* Requirement *
The required output is the stretch from the line containing "Anti-NFkB p65, acetaldehyde" through the line containing "Image of Cyclidium glaucoma" in the records below, unaltered and with no pictures.

-- Entries supplied follows --

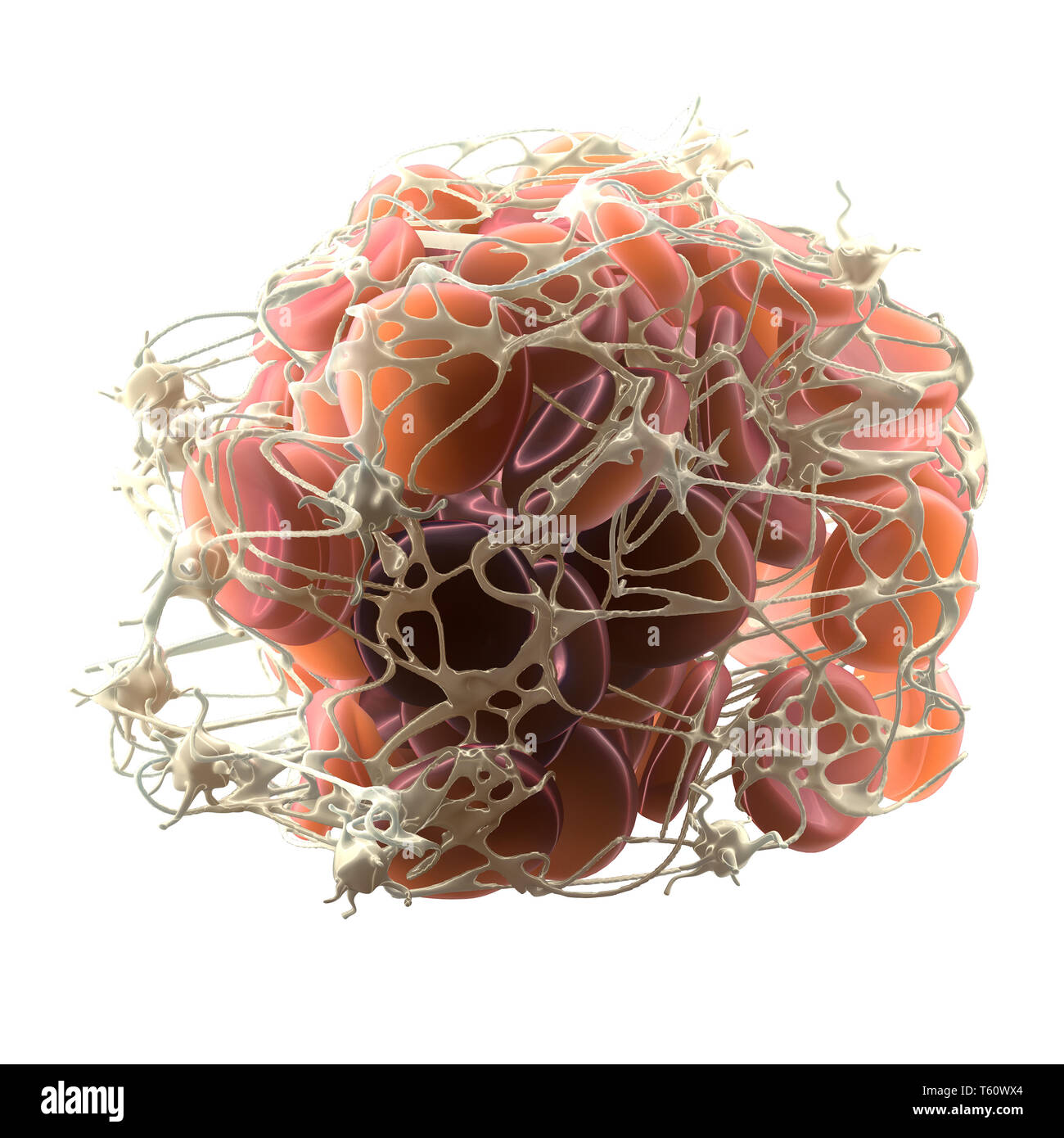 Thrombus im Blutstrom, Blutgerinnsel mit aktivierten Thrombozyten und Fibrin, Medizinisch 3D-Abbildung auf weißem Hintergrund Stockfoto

-- Entries supplied concluded --
-- Entries supplied follows --

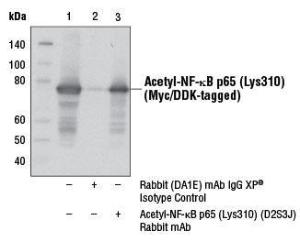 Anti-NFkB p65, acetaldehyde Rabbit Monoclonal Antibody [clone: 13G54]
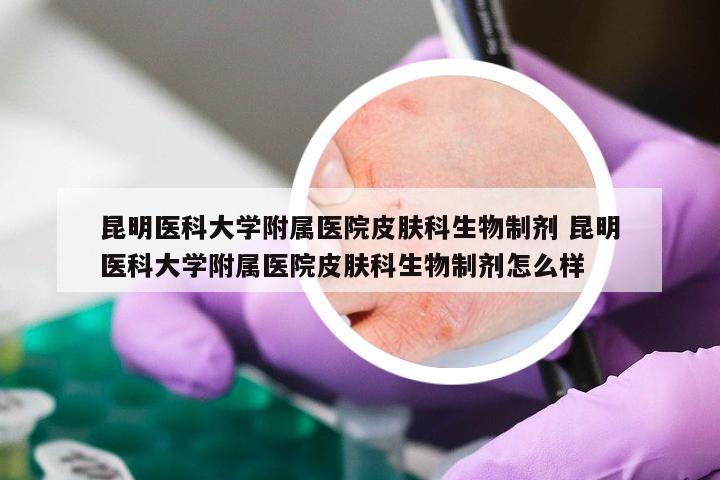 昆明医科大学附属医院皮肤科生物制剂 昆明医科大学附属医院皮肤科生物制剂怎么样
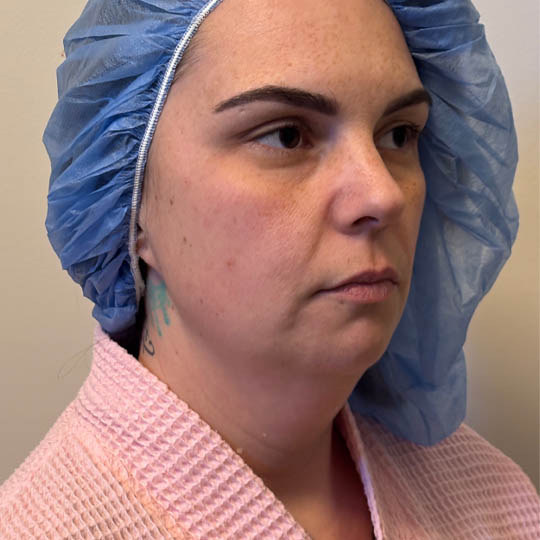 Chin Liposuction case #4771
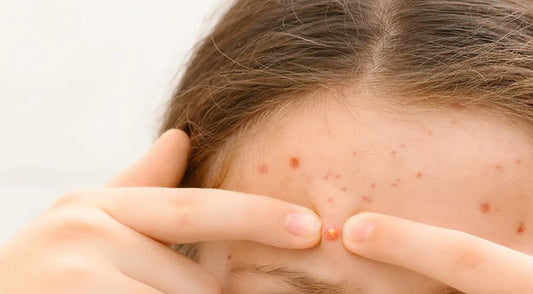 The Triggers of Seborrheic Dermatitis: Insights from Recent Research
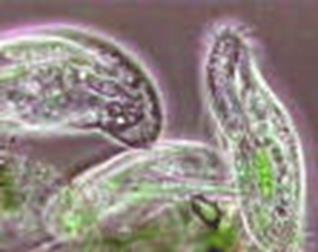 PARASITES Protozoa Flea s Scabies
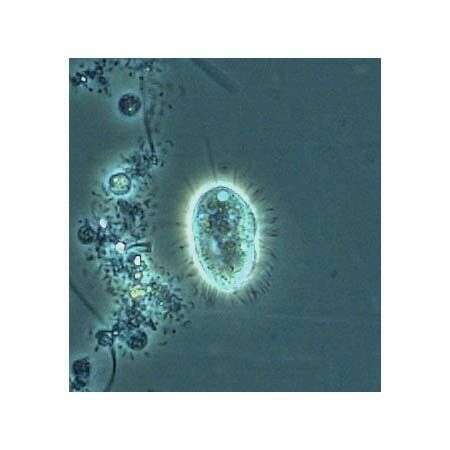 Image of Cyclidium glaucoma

-- Entries supplied concluded --
-- Entries supplied follows --

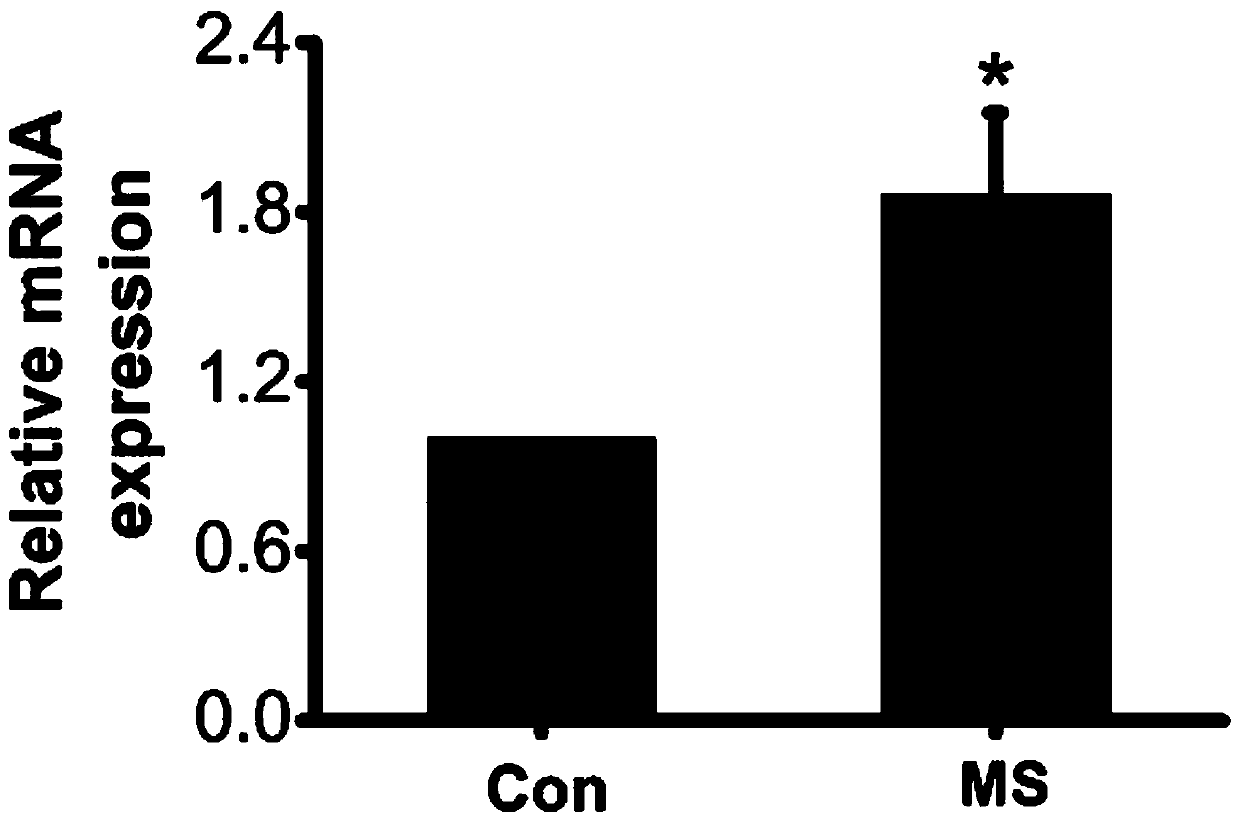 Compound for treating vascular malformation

-- Entries supplied concluded --

* Output below *
 Anti-NFkB p65, acetaldehyde Rabbit Monoclonal Antibody [clone: 13G54]
 昆明医科大学附属医院皮肤科生物制剂 昆明医科大学附属医院皮肤科生物制剂怎么样
 Chin Liposuction case #4771
 The Triggers of Seborrheic Dermatitis: Insights from Recent Research
 PARASITES Protozoa Flea s Scabies
 Image of Cyclidium glaucoma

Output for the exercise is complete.